Turkey narrowly accept Constitutional changes granting major powers to Erdogan
Monday, 17 April 2017

- In a narrowly contested referendum, Turkish voters supported the proposal to greatly increase the powers of President Recep Tayyip Erdogan, and to abolish the position of a Prime Minister. Erdogan won with 51,5 percent of the vote, or about 25 million voters, and his camp narrowly lost in some of the major cities like Istanbul and Ankara, but relied on strong support from the rural communities.

"For the first time in the history of the Republic, we are changing our ruling system through civil politics. That is why it is very significant", Erdogan said in his remarks after the initial results were announced. He said that he will work quickly with Parliament to re-introduce the death penalty, and if that fails, another referendum may be called. It is expected that the death penalty will be used in cases of treason, such as for the organizers of the failed coup in 2016, or against leaders of the Kurdish rebellion.

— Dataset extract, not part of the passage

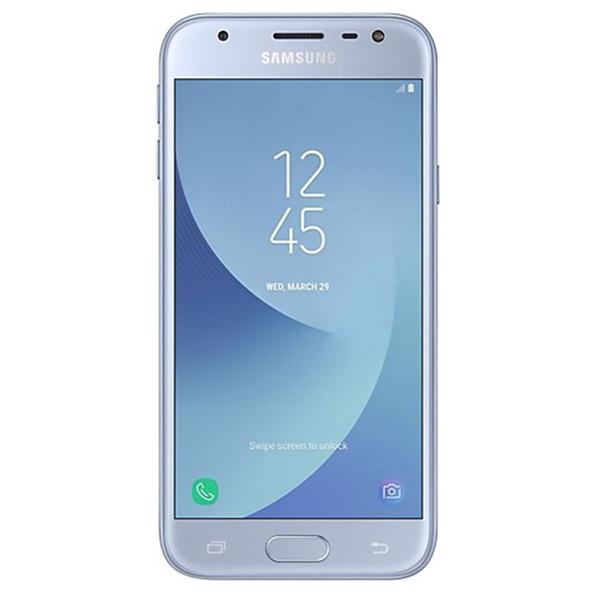 Смартфон Samsung Galaxy J3 (2017) 16Gb Серебристый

Opposition parties indicated that they are encouraged by the results, which gave them effectively half of the votes, and that they consider the referendum tainted by irregularities. The main issue raised by the opposition is the decision by the Electoral Commission to accept hundreds of thousands of ballots that did not carry its stamp. The opposition also complains about lack of media freedom and the overall pressure which was put on the administrative service after the failed coup, with hundreds of thousands being fired and thousands arrested. Kurdish opposition also complained that the emergency rule made it impossible for their voters to oppose the constitutional changes in the referendum.

New constitutional amendments give Erdogan the power to appoint the cabinet and a number of vice-presidents. He will be able to appoint and remove senior administrative officials without going through Parliament. Most of the changes come into effect after the next elections, scheduled for 2019, even though holding early elections would not be out of the question.

The European Union did not offer congratulations to Erdogan, and warned that it will follow further developments closely, especially calling the proposal to re-introduce the death penalty "a red line" which would mean that Turkey loses any chance of future EU accession.

"We take note of the reported results of the referendum in Turkey on the amendments to the Constitution, adopted by the Turkish Grand National Assembly on 21 January 2017. We are awaiting the assessment of the OSCE/ODIHR International Observation Mission, also with regard to alleged irregularities. The constitutional amendments, and especially their practical implementation, will be assessed in light of Turkey's obligations as a European Union candidate country and as a member of the Council of Europe", European officials Juncker, Mogherini and Hahn said in a joint statement.